Principal Component Analysis (PCA) models were created for all three plastics. The score and loading plots were used to find the most significant wavelengths which had the greatest statistical difference among the samples and to classify the plastics. The selected wavelengths for PET, LDPE, and ABS respectively are listed in Table 2. Using the significant wavelengths as predictors, three (3) polynomial regression models were constructed for each of the plastics.

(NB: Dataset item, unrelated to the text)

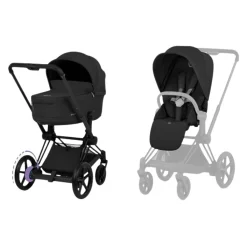 Cybex Combi Kinderwagens * Kinderwagen e-Priam 5 Compleet Comfort Matt Black Frame - Sepia Black Zwart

The significant wavelengths of the plastics were analyzed using the Rank model plugin (OriginLab, Northampton, MA, USA) and regression plots developed. The regression model was plotted using the most significant wavelength’s reflectance values against MP concentration. R2, SD and RMSE were generated in the software (Table 2). Additionally, the residual plots of each of the polynomial regression models were observed to check whether the errors were normally distributed.
Machine learning model
First, the feature importance function and random regressor algorithm from Scikit-Learn library was used to select fifteen features (wavelengths) from the vis-NIR readings of the LDPE, PET and ABS data. The selected features and its importance scores are provided in Fig. 4a – 4c. The reflectance data from the highest scored wavelength from feature importance function were split into 70% for training and 30% for testing data. Next, a pipeline of regression algorithms with default hyperparameter settings from the Scikit-Learn library was created. The regression algorithms included in the pipeline are included in Table S2. Training data from the microplastic samples were iterated into the pipeline and the regression model with the lowest mean squared error (MSE) computed using cross-validation was returned. From the regression model selection pipeline, RF Regressor was selected for LDPE data and KNN was selected for PET and ABS data. Then, the training data for each MP sample was used to train the baseline model of the selected algorithms by using default hyperparameter settings. Next, the n_estimators, max_depth and min_samples_split hyperparameters from the RF regressor for the LDPE samples were chosen for tuning. The leaf_size, n_neighbors and p settings for the KNN regressor were selected for tuning for the PET and ABS samples. The best hyperparameter combination settings were determined by using the GridSearchCV function in Scikit-Learn and the hyperparameter-tuned models trained using the training dataset. The models developed were tested using the testing data and the regression graph of predicted vs actual values from the models plotted (Fig. 3a, 3c, 3e). The performance of baseline vs tuned models were compared using the computed mean absolute error (MAE), MSE, RMSE and R2 values. Learning curves were plotted to determine the models were not overfitted (Fig. S3a – S3c).